Regarding your editorial against Baltimore County blocking affordable housing in Rosedale, my son has some college, works as an electrical journeyman and has held the same job for 10 years, has a credit score in the high 700s and owns his own car ("Just saying no isn't good enough," Nov. 20).

He also has two disabilities — narcolepsy and epilepsy.


He lives in a cramped, two-bedroom apartment with his wife and three kids and is on a waiting list for a three-bedroom apartment which they may not be able to afford.

He has never been arrested nor ever used or abused drugs. His wife also works. They make less than $60,000.00 a year.

They are the working poor. They can't afford a home that costs over $100,000. These are the people that Baltimore County has rejected.

In my neighborhood there is currently at least one house on every block that is empty and owned by the bank.

What a wonderful idea it would be to offer these empty homes to good people, with help from grants and low-interest loans. These wouldn't be Section 8. They would be for the good, honest, hard-working poor.

I agree with some of the County Council's concerns. In the 1970s and '80s, Reisterstown had one of the county's highest concentrations of Section 8 housing until Steve Hvinding was killed and his family went on a rampage. There has got to be a better way.

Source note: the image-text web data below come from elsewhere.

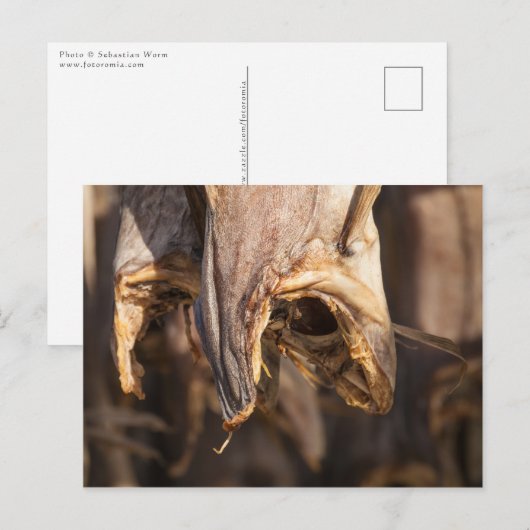 Stockfish Lofoten Postkarte (Vorne/Hinten)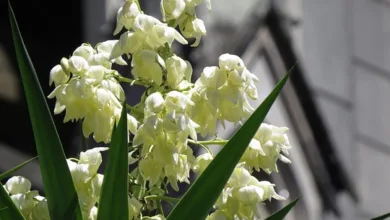 UBS wechselt Kurs: Krypto-Angebote für wohlhabende Kunden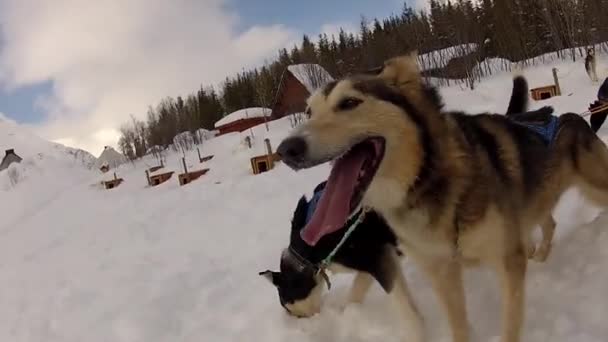 ロフテン島 ノルウェーの犬そり — ストック動画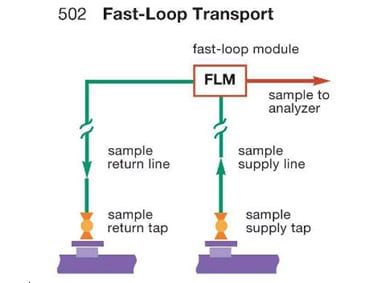 fast loop module in a fast loop transport system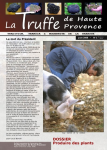 La truffe de Haute Provence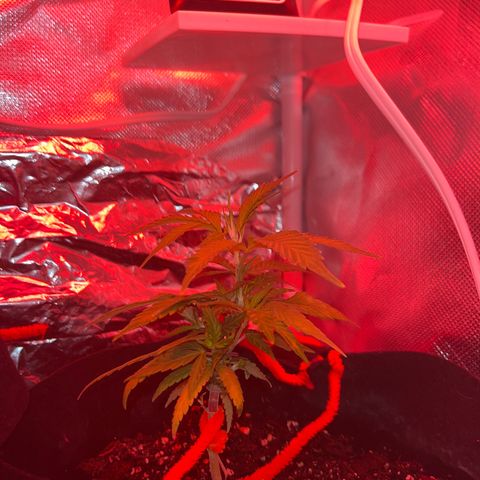 CannaBusta Rhymes  growlog timeline photo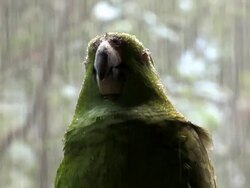 Green Parrot under rain III...close up Stock Footage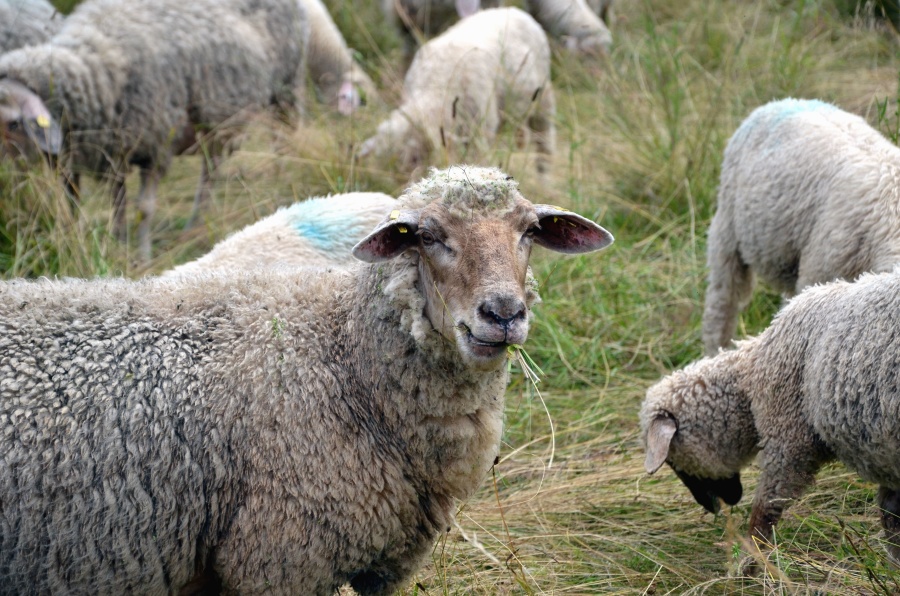 Pecore, erba, lana, campo, agnello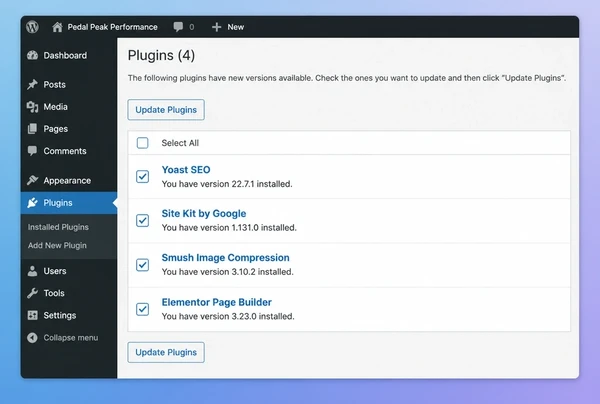 A WordPress updates screen for a performance cycling website with four plugins ticked for update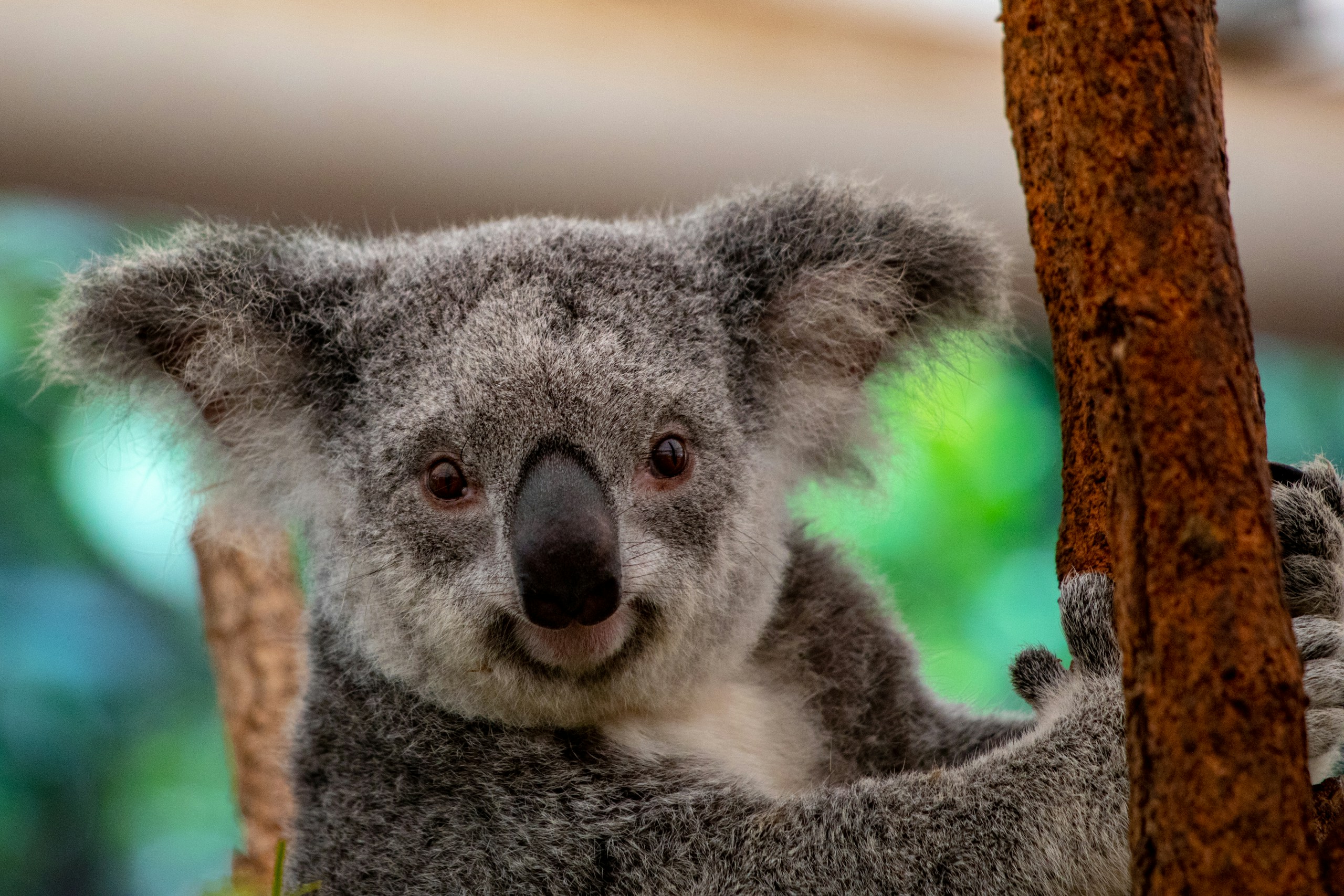 One of the Koalas at Lone Pine Animal Sanctuary was very interested in what I was doing. He stared me down the entire time I was in the area.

Section 8 developments cater to the poorest of the poor, plus crime, unfortunately. However my idea would work better because it would put hard working, non-criminals in housing developments near their work or families. And if they own their own homes, they tend to take better care of them than renters.

I hope they do come up with a better solution. I would love for people like my son and his family to own their own home someday.